Recruiters spend an average of 6 to 8 seconds on a resume before deciding to read more or move on. Before they ever see your CV, an Applicant Tracking System (ATS) has already scored it against the job description. This guide walks you through exactly how to write a resume that survives both filters in 2026.
1. How ATS systems actually read your resume
An ATS is software that parses your resume into structured data — name, contact info, jobs, dates, skills — and matches it against the keywords in the job posting. Modern systems (Workday, Greenhouse, Lever, iCIMS) handle PDFs reasonably well, but they still fail on:
- Resumes built inside tables, text boxes or multi-column layouts — text gets read out of order.
- Graphics, icons or logos used to represent skills or ratings.
- Headers and footers that contain your contact details (often skipped entirely).
- Non-standard section names like "My Journey" instead of "Experience".
- Fancy fonts that aren't embedded in the PDF.
The fix: use a single-column layout, standard section names, an embedded sans-serif font (Arial, Calibri, Inter), and place contact info in the body — not the header.
2. The six sections every modern resume needs
- Header — Full name, city + country, one phone number, one professional email, LinkedIn URL, and (if relevant) a portfolio link.
- Professional summary — 2–4 lines describing who you are, your years of experience, and your strongest result.
- Core skills — A scannable list of 8–12 hard and soft skills that mirror the job description.
- Experience — Reverse-chronological. Job title, company, location, dates, then 3–6 result-focused bullets.
- Education — Degree, institution, graduation year. Add GPA only if > 3.5 and you graduated in the last 3 years.
- Optional — Certifications, languages, volunteer work, or relevant projects.
3. Writing a professional summary that hooks recruiters
Skip the generic objective ("Seeking a challenging position…"). Instead, follow this formula:
[Job title] with [X years] of experience in [domain]. Proven track record of [biggest achievement, quantified]. Skilled in [3 key skills from the job posting]. Looking to bring [specific value] to [type of role].
Example: "Digital marketing specialist with 5 years of experience in B2B SaaS. Grew organic traffic by 240% and reduced CAC by 31% at a Series A startup. Skilled in SEO, content strategy and HubSpot. Looking to lead growth at a mid-stage product company."
4. Experience bullets that actually convince
The strongest bullets follow the pattern: Action verb → what you did → measurable result → tool or context.
- ❌ "Responsible for managing the social media accounts."
- ✅ "Grew Instagram following from 4k to 38k in 9 months by launching a weekly Reels series, increasing inbound leads by 22%."
Quantify everything you can — money saved, time reduced, customers acquired, percentages, team size, deal size. Numbers make recruiters stop scrolling.

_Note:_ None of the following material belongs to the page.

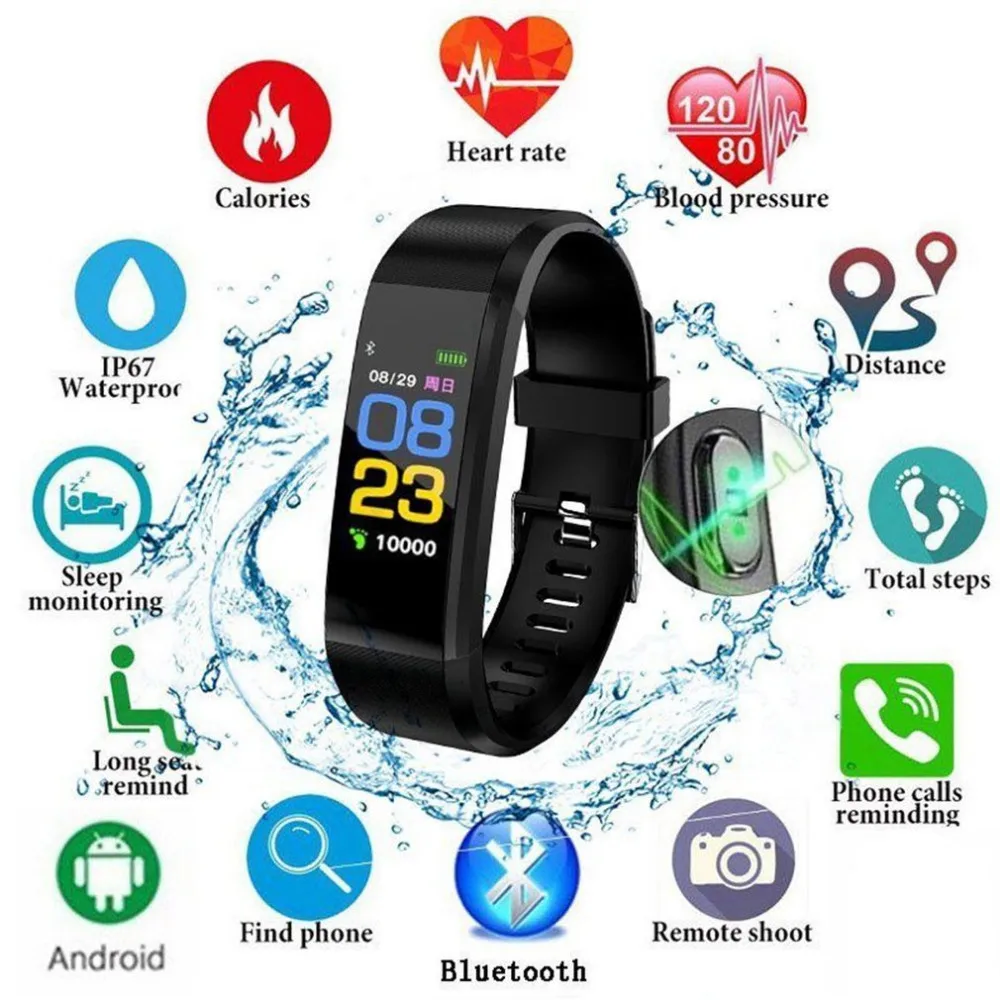 

New 115 Plus Smart Bracelet Blood Pressure Monitor Sports Smart Watches Men Women Pedometer Fitness Ban For Ios & Android Phone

5. The skills section: keyword strategy without keyword stuffing
Open the job description and the descriptions of three similar roles. Highlight every noun and tool that appears more than once. These are your priority keywords. Place them naturally in the skills section and inside your experience bullets — ATS systems weight context, not just frequency.
6. The ten most common resume mistakes in 2026
- Using a two-column or PDF-template design that breaks ATS parsing.
- Writing duties instead of achievements.
- No measurable results anywhere on the page.
- Listing every job you've ever had — keep it to the last 10–15 years.
- Using the same resume for every application.
- Spelling and grammar errors (run it through Grammarly + a human).
- Including a photo (illegal to consider in many countries; remove it).
- Listing soft skills without proof in your bullets.
- Using a personal email like
cooldude92@…. - No LinkedIn URL or an outdated one.
7. Before and after: a real bullet rewrite
Helped customers with their issues over email and chat.
Resolved 60+ daily customer tickets across email and live chat with a 96% CSAT score, and authored 14 help-center articles that reduced repeat tickets by 18%.
8. Resume FAQ
How long should my resume be?
One page if you have less than 8 years of experience, two pages otherwise. Never three.
PDF or Word?
PDF — unless the application portal explicitly asks for .docx. PDFs preserve formatting and embed fonts.
Should I include references?
No. "References available on request" is also unnecessary. Hand them over only when asked.
Do I need a cover letter?
If the application has a field for it, yes. A short, specific cover letter consistently lifts callback rates in our internal testing.